Indonesia mempunyai keunikan dalam bernegara. Selain beragamnya agama dan budaya,  keunikan tersebut sekaligus dibingkai dengan Bhinneka Tunggal Ika. Kekhasan regulasi di Indonesia menjadikan Aceh mengelola zakat, infak, wakaf dan harta agama lainnya secara otonom. 

Terkait pengelolaan zakat di Aceh, tercantum dalam Undang-Undang Republik Indonesia Nomor 11 Tahun 2006, pasal 191 dan 192 yang menyebut zakat dikelola oleh Baitul Mal. Secara nasional adanya peraturan Pemerintah Republik Indonesia Nomor 14 Tahun 2014 tentang Pelaksanaan Undang-Undang Nomor 23 Tahun 2011 tentang Pengelolaan Zakat. Turunan dari undang-undang tersebut adanya Qanun Aceh Nomor 3 Tahun 2021 tentang Perubahan Atas Qanun Aceh Nomor 10 Tahun 2018 tentang Baitul Mal. Secara regulasi, fungsi manajeman zakat di Aceh menjadi kuat.   

Fungsi Manajemen Baitul Mal Aceh

Firman Allah dalam surat at-Taubah 103, “Ambilah zakat dari sebagain harta mereka, dengan zakat itu kamu membersihkan dan mensucikan mereka, dan berdoalah untuk mereka. Sesungguhnya doa kamu itu menjadi ketenteraman jiwa bagi mereka.” Maknanya dianjurkan memungut zakat pada harta orang kaya. Dengan zakat akan mensucikan mereka. Sedangkan hadis terkait zakat disebutkan: “Beritahukanlah kepada mereka, bahwa Allah Swt telah mewajibkan dari sebagian harta mereka untuk disedekahkan. Diambil dari orang kaya untuk diberikan kepada mereka yang fakir. Apabila mereka mentaatimu dalam hal ini, maka peliharalah kedermawanan harta mereka, dan takutkanlah akan doa orang yang teraniaya.

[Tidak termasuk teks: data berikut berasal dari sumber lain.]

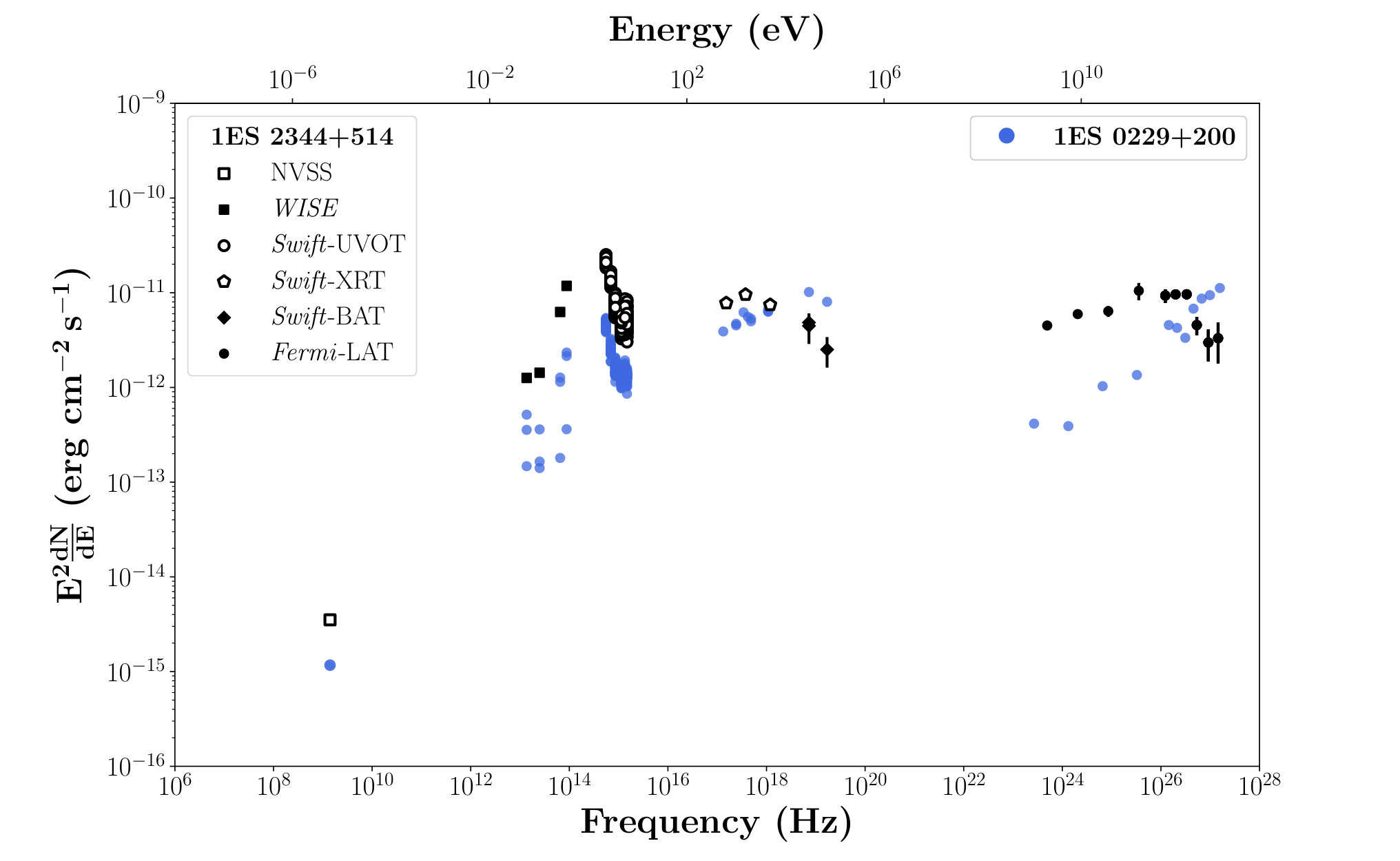 Figure 36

Sungguh tidak ada penghalang antara doa mereka itu dengan Allah SWT” (Hadis riwayat Jamaah dari Ibnu Abbass). 

Menurut Qaradhawi (2007), hadis ini menjelaskan tentang urusan zakat itu diambil oleh petugas untuk dibagikan, tidak dikerjakan sendiri oleh orang yang mengeluarkan zakat. 

Hadis sahih Bukhari-Muslim dari Abu Hurairah, Rasulullah telah menjadikan seorang laki-laki dari Azad yang bernama Ibnu Lutbiah sebagai petugas dalam segala urusan zakat. Rasulullah menugaskan Abu Masu’d sebagai petugas zakat, dan Rasulullah mengutus Abu Jahm bin Huzaifah sebagai petugas zakat (Qardawi 2007: 736). Mahmmad sebagai Rasul dan  Khalifah mengelola zakat dengan memanfaatkan sumber daya manusia yang ahli untuk melaksanakan fungsi dari manajemen agar zakat itu terkumpul dan dapat disalurkan kepada 8 asnaf. 

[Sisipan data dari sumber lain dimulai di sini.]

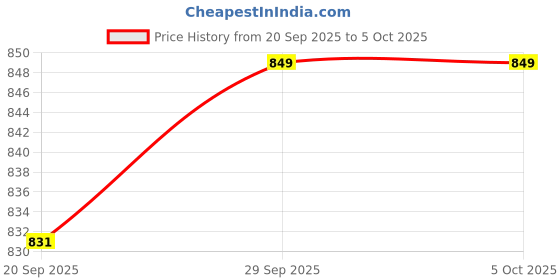 myntra.com CANIZZARO Women Ethnic Motifs Printed Kurta with Trouser & Dupatta canizzaro Price History Graph from 20 Sep 2025 to 4 Oct 2025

Rasulullah telah mengutus seluruh jazirah dengan petugas zakat untuk mengurus dan mengelola kewajiban ini dari orang yang wajib mengeluarkan dan membagikannya kepada mustahik zakat. Rasulullah membekali amil zakat dengan nasihat dan ajaran bagi mereka dalam rangka bermuamalah dengan pemilik harta dan senantiasa berwasiat agar mereka memperlihatkan rasa sayang dan memberikan kemudahan kepada para pemilik harta, dengan tanpa meremehkan hak Allah. Rasulullah membangun umat dalam berbagai sistem diantaranya bidang ekonomi. 

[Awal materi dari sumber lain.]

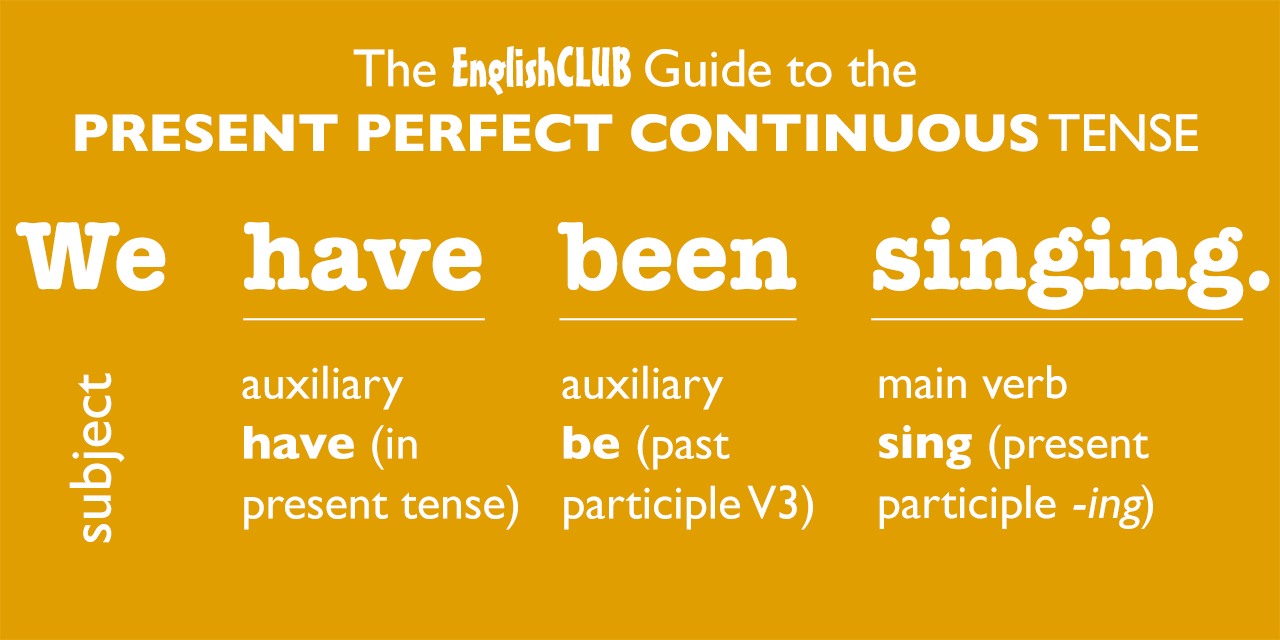 Present perfect continuous games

Fenomena ini menunjukkan kepada kita, sejak zaman Nabi masalah zakat itu adalah urusan dan tugas pemerintah. Atas dasar perkembangan masyarakat para ulama menyebutkan, wajib bagi Imam untuk menugaskan amil yang akan mengambil sedekah, karena Nabi saw  dan khalifah sesudahnya senantiasa mengutus petugas zakat ini, karena di antara manusia itu ada yang memiliki harta, akan tetapi tidak mengetahui apa yang wajib baginya, ada yang kikir sehingga wajib baginya mengutus orang yang mengambilnya (Qardawi, 2007: 738-739).   

Qanun Aceh Nomor 3 Tahun 2021 tentang Perubahan Atas Qanun Aceh nomor 10 tahun 2018 tentang Baitul Mal pasal 5 disebutkan susunan Organisasi BMA terdiri atas Dewan Pertimbangan Syariah (DPS), Badan, dan Sekretariat. Fungsi  DPS dijelaskan dalam pasal 6, memberikan pertimbangan dan pengawasan syariah. Badan Baitul Mal Aceh (BMA) dalam pasal 7 bertindak sebagai penyusun dan pembuat kebijakan untuk penyelenggaraan pengelolaan dan pengembangan. Sedangkat Sekretariat pada pasal 8 berfungsi sebagai unsur pelayanan dan penyelenggara, pengelolaan dan pengembangan. Fungsi manajemen perencanaan, pengambilan kebijakan, controling, dan evaluasi dijalankan oleh Badan.

Fungsi Pemerintah

Fungsi pemerintah adalah mengatur dan membina masyarakat, termasuk di dalamnya mengembangkan ekonomi masyarakat terutama terkait dengan dana umat.  Secara agama, zakat telah diatur dalam Firman Allah dan Hadis Nabi. Regulasi negara terkait pembinaan kaum dhuafa disebutkan dalam UUD 1945 pasal 34, bahwa fakir dan miskin ditanggung negara. Turunan dari UUD 1945 adalah UUPA dan Undang-Undang nomor 23 tahun 2011 dan Peraturan Pemerintah Nomor 14 tahun 2014. Sedangkan regulasi turunannya Qanun Aceh Nomor 3 Tahun 2021. Kuatnya regulasi tentang zakat di Indonesia khususnya di Aceh menjadikan Aceh sebagai provinsi yang menjalankan syariat dalam bingkai Republik Indonesia.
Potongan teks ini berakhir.